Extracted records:
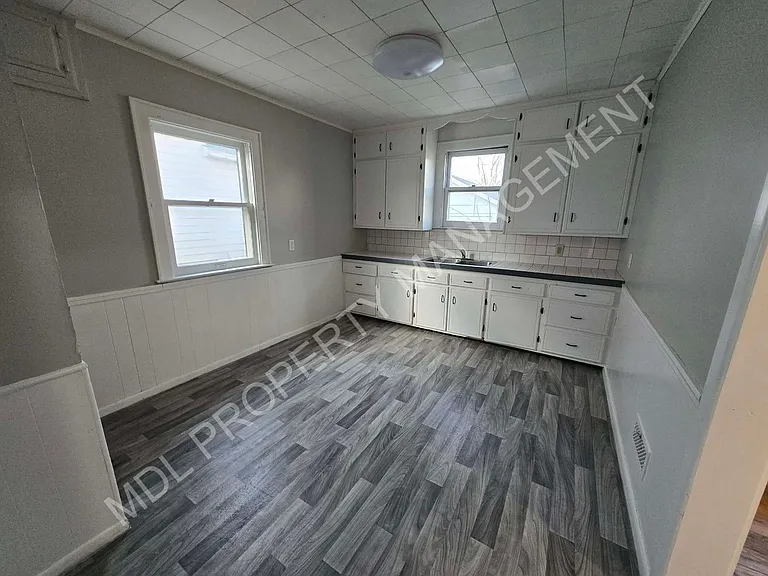 521 Meade St — Photo 3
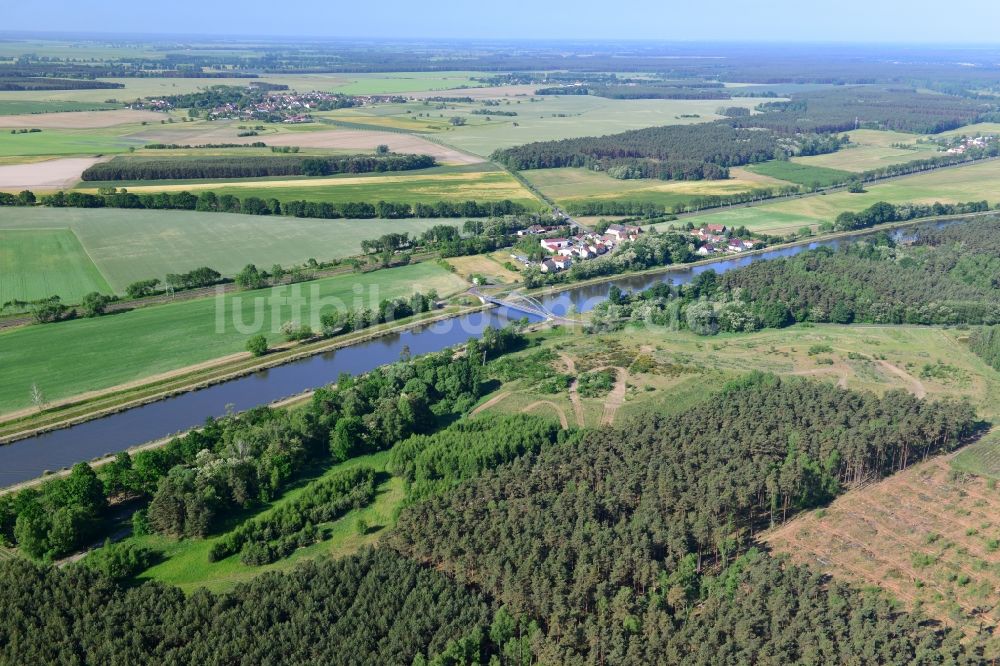 Luftbild Kade - Ablagerungsfläche an der Kader-Brücke über dem Elbe-Havel-Kanal im Bundesland Sachsen-Anhalt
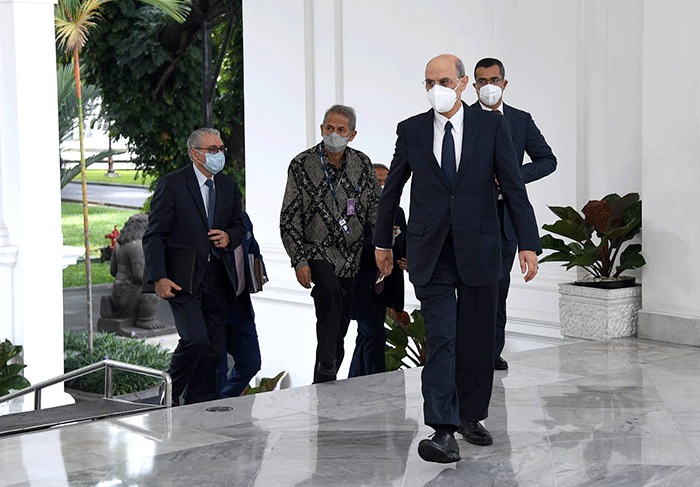 Presiden Joko Widodo menerima kunjungan Presiden Islamic Development Bank (IsDB), Mohammed Al Jasser, bersama delegasi di Istana Merdeka, Jakarta.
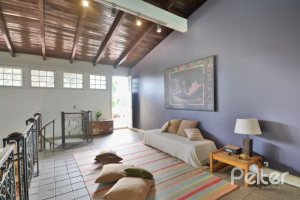 Casa à venda com 386m², 3 dormitórios, 1 suíte, 2 vagas, no bairro Tristeza em Porto Alegre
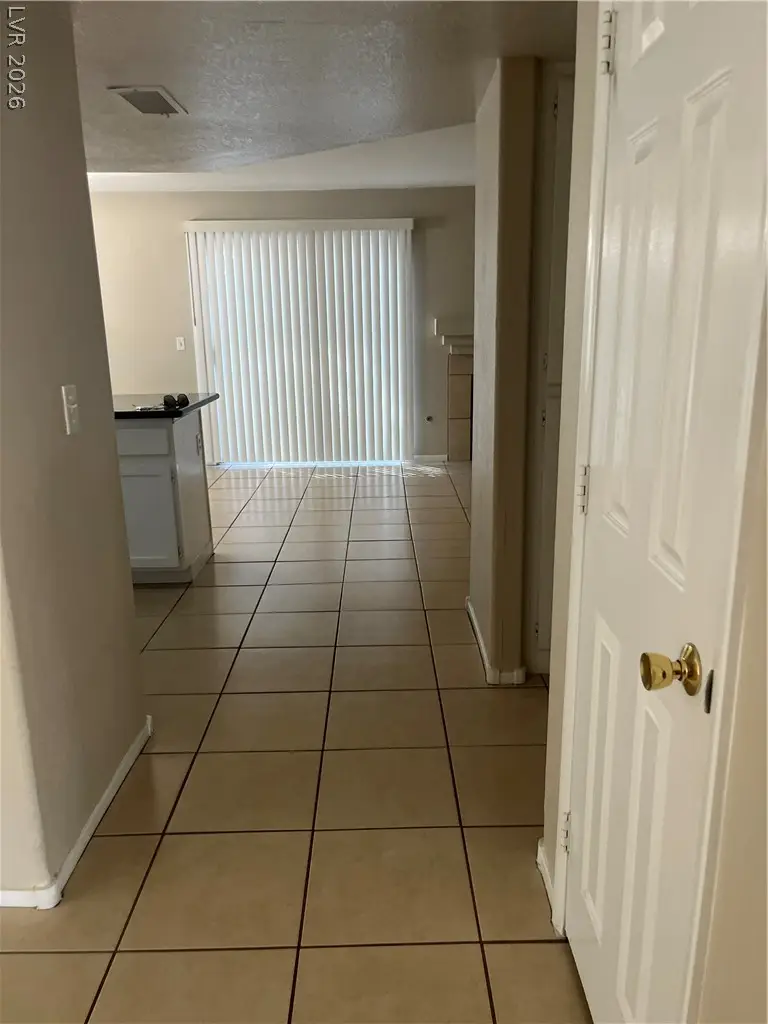 2205 Storkspur Way, Las Vegas, NV 89117 - #2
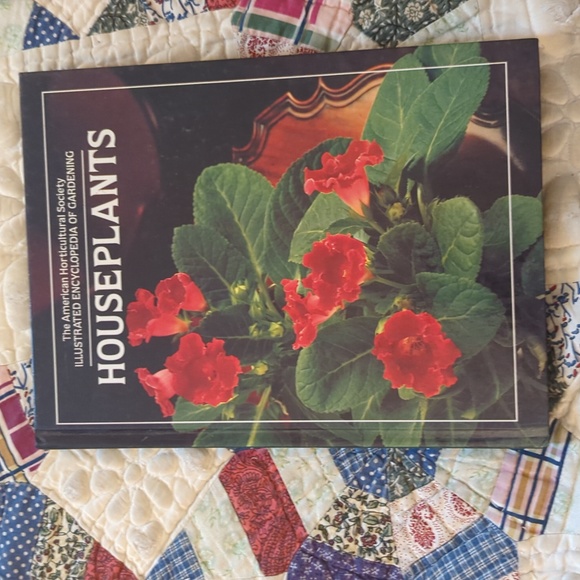 Bundle of 2 Gardening Encyclopedias Hard Cover by AHS - Picture 4 of 4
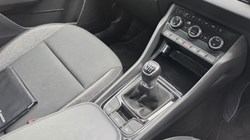 2021 (21) SKODA KAROQ 1.5 TSI SE Drive 5dr 5168462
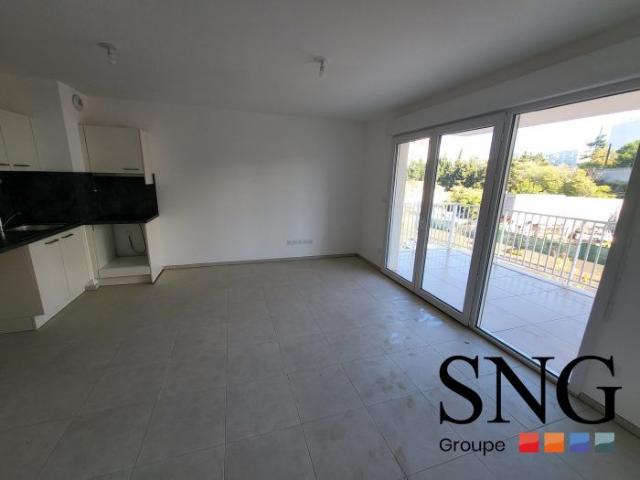 T3 NEUF AVEC BALCON ET LOGGIA + PARKINGS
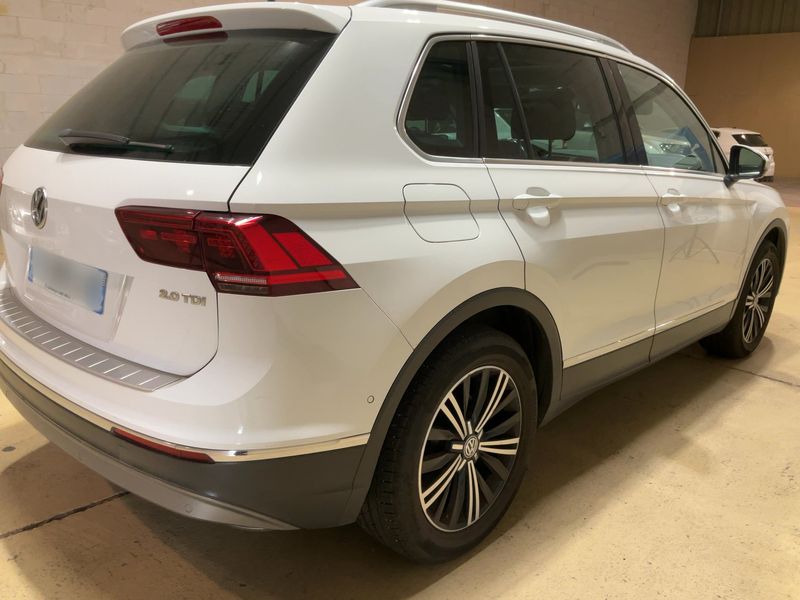 Volkswagen Tiguan 2.0 TDI Carat Edition BlueMotion Tech — zdjęcie 6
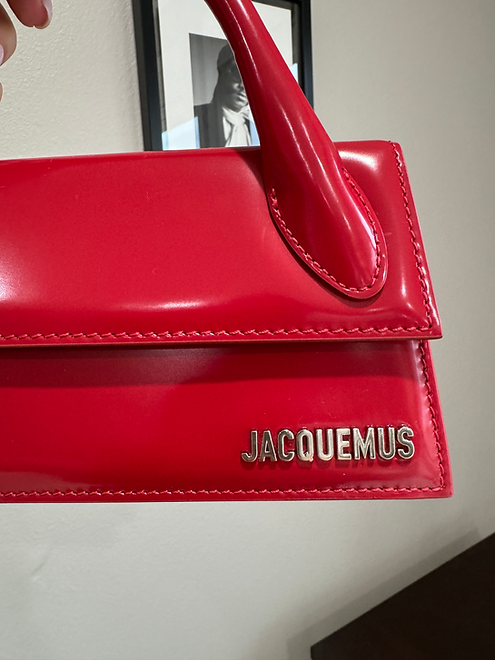 JACQUEMUS Le Chiquito Long glossed-leather tote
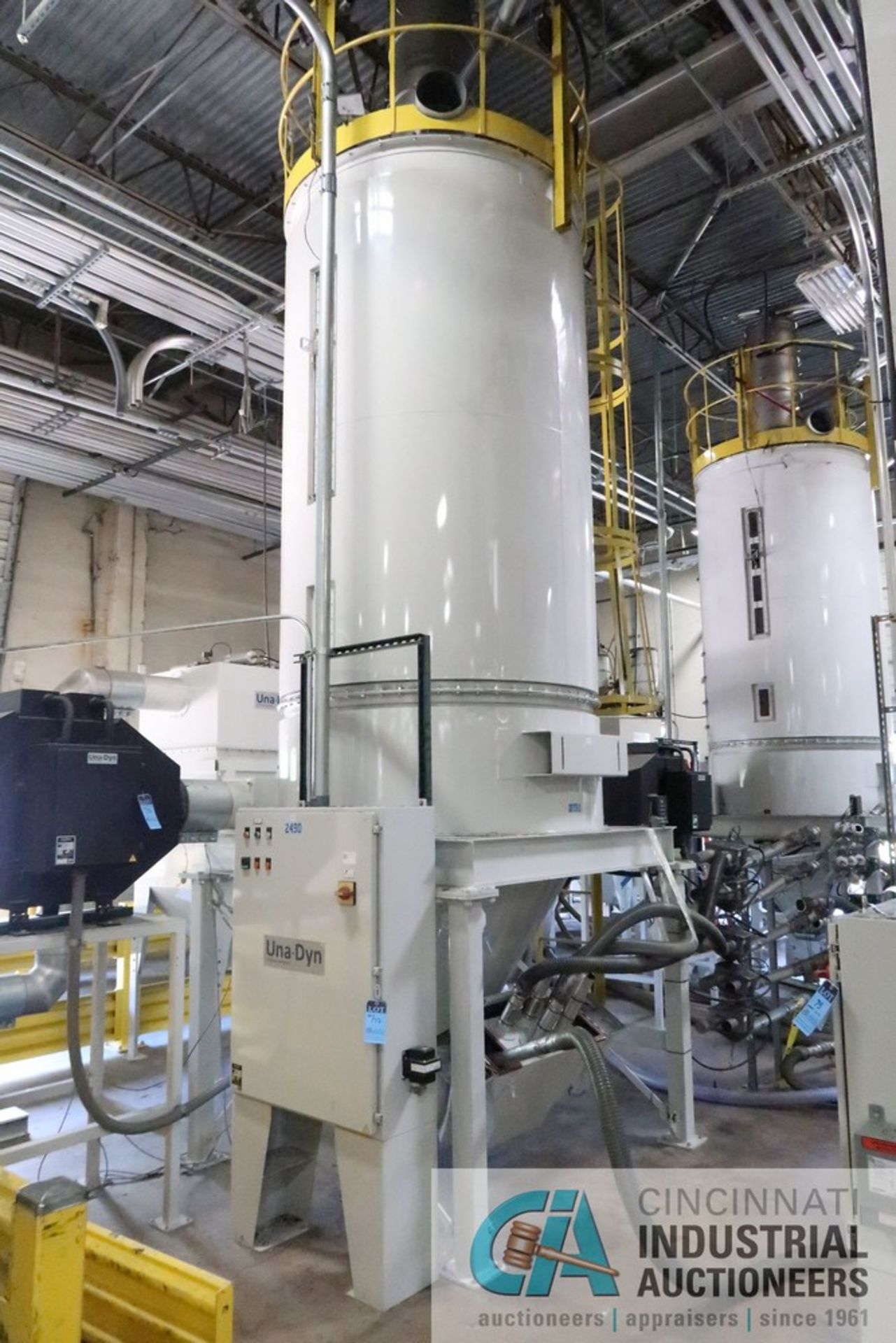 UNA-DYN BLENDING SYSTEM CONSISTING OF UNA-DYN MODEL OMNI IV-WB THREE COMPONENT BLENDER; S/N - Image 11 of 37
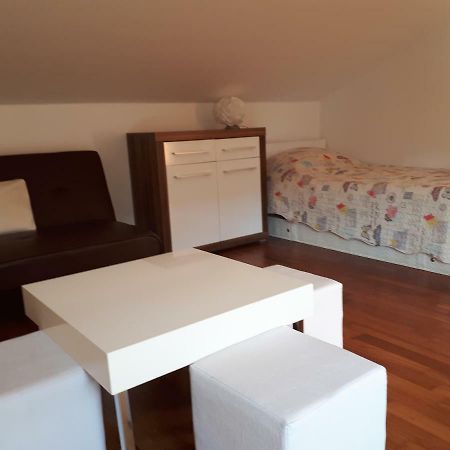 Ruzmarinka 4* Apartment Baska  Bagian luar foto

▶ **WHAT IS EXPECTED**: Could you write out the records again exactly, without any of their pictures?

▶ **RESPONSE AREA**:
 521 Meade St — Photo 3
 Luftbild Kade - Ablagerungsfläche an der Kader-Brücke über dem Elbe-Havel-Kanal im Bundesland Sachsen-Anhalt
 Presiden Joko Widodo menerima kunjungan Presiden Islamic Development Bank (IsDB), Mohammed Al Jasser, bersama delegasi di Istana Merdeka, Jakarta.
 Casa à venda com 386m², 3 dormitórios, 1 suíte, 2 vagas, no bairro Tristeza em Porto Alegre
 2205 Storkspur Way, Las Vegas, NV 89117 - #2
 Bundle of 2 Gardening Encyclopedias Hard Cover by AHS - Picture 4 of 4
 2021 (21) SKODA KAROQ 1.5 TSI SE Drive 5dr 5168462
 T3 NEUF AVEC BALCON ET LOGGIA + PARKINGS
 Volkswagen Tiguan 2.0 TDI Carat Edition BlueMotion Tech — zdjęcie 6
 JACQUEMUS Le Chiquito Long glossed-leather tote
 UNA-DYN BLENDING SYSTEM CONSISTING OF UNA-DYN MODEL OMNI IV-WB THREE COMPONENT BLENDER; S/N - Image 11 of 37
 Ruzmarinka 4* Apartment Baska  Bagian luar foto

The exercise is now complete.